# Help please to stop ADS on my Lenovo Yoga 2 Android tablet



## oniro (Aug 23, 2003)

Hello, 

I am saturated on every clear spot of my screen with abusive, intrusive ads. 
Could you please suggest me an effective adblocker, free or paid, to eliminate that plague ?.

Thanks for your insight.

Oniro


----------



## Phantom010 (Mar 9, 2009)

The Google Play Store has many. I use *AdClear*. I downloaded it from the web. It blocks browser ads, but also ads in many applications.

I also like *Adblock Fast*. It's only for the web browser.

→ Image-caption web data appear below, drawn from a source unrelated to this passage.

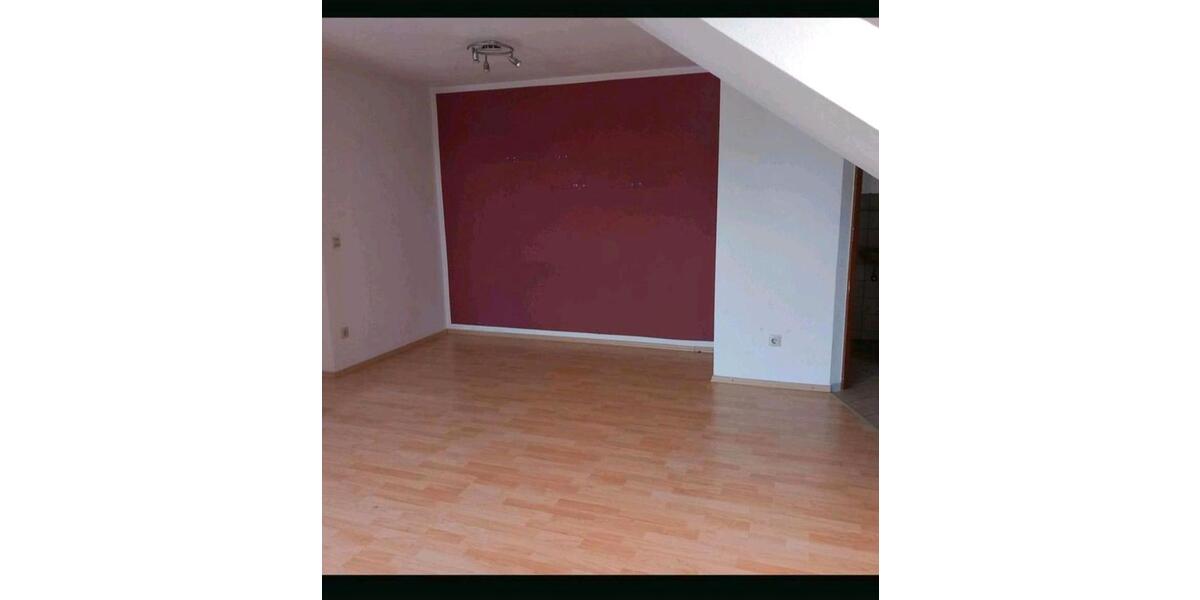 Dachgeschoßwohnung Niefern-Öschelbronn Öschelbronn - 1 Zimmer, 980&euro; | Angebot:23593600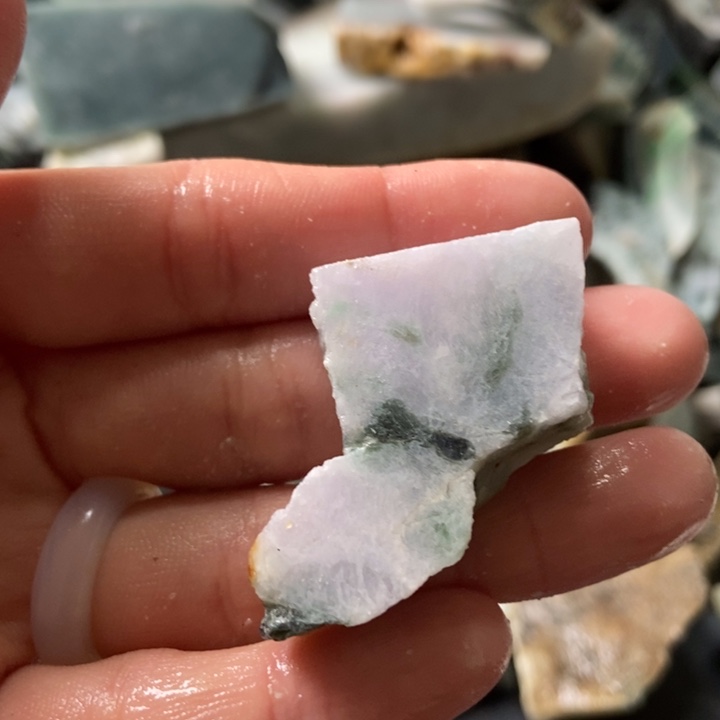 翡翠颈饰未镶嵌天然翡翠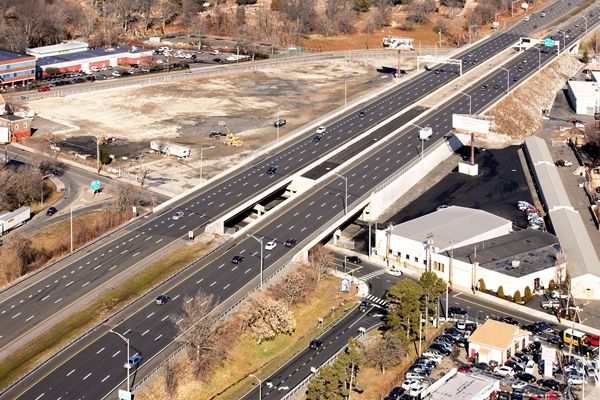 #Connecticut #Bridge Rehab Wins <a href="/ACEC_National/">ACEC_National</a> Recognition Award buff.ly/2qEZIBz <a href="/wspusa/">WSP in the U.S.</a> #WSPCT #transportation #designbuild #Route8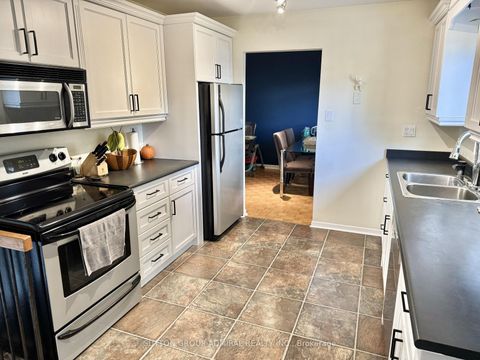 Photo 9 at 20 Sanderson Crescent, North Richvale, Richmond Hill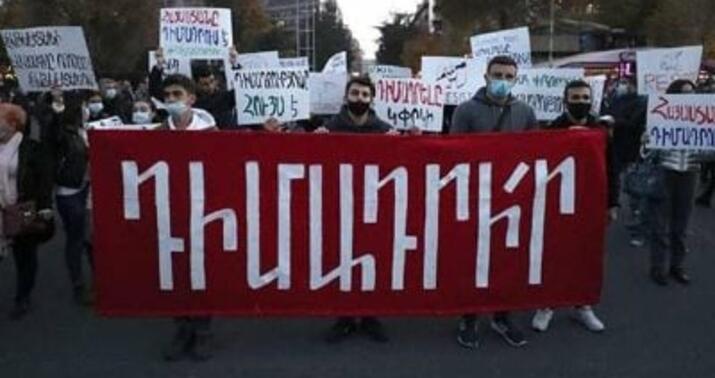 Revanşistlər Brüssel razılaşmasına qarşı -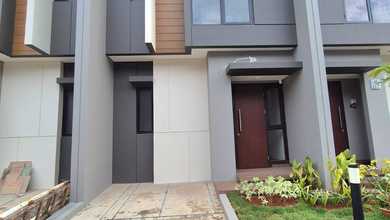 Disewakan Rumah Terjangkau di Summarecon Crown Gading, Bekasi, LT 55m²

Run a search for ad blockers in the Google Play Store and try some out. They're free.


----------



## Triple6 (Dec 26, 2002)

You may also want to do a scan with a malware removal app like MalwareBytes to remove any installed apps that may be giving you the ads: https://play.google.com/store/apps/details?id=org.malwarebytes.antimalware


----------



## oniro (Aug 23, 2003)

Pretty good advises and I thank you all . I myself use for years MWB but in this tablet seems not to be so effective. Also Adblock. I was also testing AdClear. The one I found that is absolutely destructive, is uBlock Origin.There never was anything like that . Where uBlock operates, the bad weed never grows again, so to speak....


----------